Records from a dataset

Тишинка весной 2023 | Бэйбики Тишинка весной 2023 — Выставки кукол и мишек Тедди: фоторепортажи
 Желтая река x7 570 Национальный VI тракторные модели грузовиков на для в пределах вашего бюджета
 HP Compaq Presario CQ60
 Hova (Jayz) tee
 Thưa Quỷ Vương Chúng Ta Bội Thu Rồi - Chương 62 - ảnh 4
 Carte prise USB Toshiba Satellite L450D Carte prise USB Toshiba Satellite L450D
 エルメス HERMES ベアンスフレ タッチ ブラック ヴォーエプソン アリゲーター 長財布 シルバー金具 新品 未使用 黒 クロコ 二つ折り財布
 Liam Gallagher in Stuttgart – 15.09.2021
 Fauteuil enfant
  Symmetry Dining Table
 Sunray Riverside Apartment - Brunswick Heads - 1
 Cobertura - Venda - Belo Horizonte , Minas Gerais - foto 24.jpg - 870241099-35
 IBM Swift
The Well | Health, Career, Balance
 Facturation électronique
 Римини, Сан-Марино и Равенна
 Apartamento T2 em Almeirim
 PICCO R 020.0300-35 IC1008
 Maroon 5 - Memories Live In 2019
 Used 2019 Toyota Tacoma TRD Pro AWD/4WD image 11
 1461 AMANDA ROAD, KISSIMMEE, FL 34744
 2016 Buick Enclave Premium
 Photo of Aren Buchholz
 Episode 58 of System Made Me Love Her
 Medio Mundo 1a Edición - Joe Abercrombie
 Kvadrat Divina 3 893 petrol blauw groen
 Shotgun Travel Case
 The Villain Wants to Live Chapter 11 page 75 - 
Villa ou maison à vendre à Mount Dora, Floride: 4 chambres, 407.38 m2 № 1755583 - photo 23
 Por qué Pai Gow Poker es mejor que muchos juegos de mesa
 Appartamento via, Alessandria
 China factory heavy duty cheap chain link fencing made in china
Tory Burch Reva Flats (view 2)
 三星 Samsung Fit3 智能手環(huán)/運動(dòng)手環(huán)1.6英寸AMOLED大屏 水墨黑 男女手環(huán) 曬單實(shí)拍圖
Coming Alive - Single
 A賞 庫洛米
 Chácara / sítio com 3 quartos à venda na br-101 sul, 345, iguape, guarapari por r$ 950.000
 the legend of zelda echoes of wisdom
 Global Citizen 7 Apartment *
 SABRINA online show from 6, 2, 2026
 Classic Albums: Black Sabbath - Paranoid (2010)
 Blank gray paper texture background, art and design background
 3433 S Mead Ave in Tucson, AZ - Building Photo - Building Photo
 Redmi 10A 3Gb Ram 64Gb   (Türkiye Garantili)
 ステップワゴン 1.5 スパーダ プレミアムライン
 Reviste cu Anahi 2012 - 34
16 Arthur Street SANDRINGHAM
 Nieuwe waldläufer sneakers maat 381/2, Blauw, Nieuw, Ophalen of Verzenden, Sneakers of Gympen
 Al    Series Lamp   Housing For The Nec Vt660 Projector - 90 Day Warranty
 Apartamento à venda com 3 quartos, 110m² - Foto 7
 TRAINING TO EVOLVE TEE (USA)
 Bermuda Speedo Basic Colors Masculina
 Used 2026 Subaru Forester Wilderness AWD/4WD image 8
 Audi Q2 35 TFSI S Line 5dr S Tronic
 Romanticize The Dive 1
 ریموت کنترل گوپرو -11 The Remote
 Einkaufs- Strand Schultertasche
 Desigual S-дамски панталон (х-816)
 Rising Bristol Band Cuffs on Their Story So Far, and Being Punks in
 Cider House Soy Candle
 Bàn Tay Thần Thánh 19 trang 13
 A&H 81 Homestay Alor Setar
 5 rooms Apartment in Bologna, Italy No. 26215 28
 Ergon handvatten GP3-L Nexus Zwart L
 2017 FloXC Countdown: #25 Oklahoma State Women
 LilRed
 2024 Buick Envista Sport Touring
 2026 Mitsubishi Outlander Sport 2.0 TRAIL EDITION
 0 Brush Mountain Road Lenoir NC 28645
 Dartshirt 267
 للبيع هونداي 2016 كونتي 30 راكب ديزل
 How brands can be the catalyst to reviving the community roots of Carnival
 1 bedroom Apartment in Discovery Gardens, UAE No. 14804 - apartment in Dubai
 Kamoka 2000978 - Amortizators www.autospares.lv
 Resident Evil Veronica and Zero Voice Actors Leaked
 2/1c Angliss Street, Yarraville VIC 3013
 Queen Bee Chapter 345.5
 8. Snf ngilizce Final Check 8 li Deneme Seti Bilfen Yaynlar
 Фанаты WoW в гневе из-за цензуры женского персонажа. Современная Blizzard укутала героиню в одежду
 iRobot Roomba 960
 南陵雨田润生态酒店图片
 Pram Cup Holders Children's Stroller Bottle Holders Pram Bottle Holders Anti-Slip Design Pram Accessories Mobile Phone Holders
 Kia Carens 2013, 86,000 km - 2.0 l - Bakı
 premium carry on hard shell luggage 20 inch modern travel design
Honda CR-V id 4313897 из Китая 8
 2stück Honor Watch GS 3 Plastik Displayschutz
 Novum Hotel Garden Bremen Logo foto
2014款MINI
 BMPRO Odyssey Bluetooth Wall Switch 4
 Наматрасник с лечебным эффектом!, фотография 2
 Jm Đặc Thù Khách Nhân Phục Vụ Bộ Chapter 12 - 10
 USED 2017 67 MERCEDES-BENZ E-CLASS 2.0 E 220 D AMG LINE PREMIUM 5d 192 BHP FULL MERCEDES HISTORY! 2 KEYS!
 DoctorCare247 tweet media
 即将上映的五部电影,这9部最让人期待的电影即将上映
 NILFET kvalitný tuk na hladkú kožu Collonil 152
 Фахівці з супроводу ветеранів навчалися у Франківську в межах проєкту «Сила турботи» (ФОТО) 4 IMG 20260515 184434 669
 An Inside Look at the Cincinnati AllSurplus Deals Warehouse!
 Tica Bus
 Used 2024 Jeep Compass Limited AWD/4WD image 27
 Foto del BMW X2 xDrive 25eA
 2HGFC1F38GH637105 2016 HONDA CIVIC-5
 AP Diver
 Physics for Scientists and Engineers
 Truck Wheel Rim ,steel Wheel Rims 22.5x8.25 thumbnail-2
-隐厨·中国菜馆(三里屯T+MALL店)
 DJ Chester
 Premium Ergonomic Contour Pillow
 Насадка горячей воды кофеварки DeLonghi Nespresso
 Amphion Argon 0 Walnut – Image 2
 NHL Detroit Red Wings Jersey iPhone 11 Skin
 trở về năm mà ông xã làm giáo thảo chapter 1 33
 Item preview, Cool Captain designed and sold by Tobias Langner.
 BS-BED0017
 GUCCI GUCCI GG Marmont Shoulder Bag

[HOW TO COMPLETE THIS TASK] Go through the records above. Copy each line in which the string "Buick" appears.

[FINAL ANSWER]
 2016 Buick Enclave Premium
 2024 Buick Envista Sport Touring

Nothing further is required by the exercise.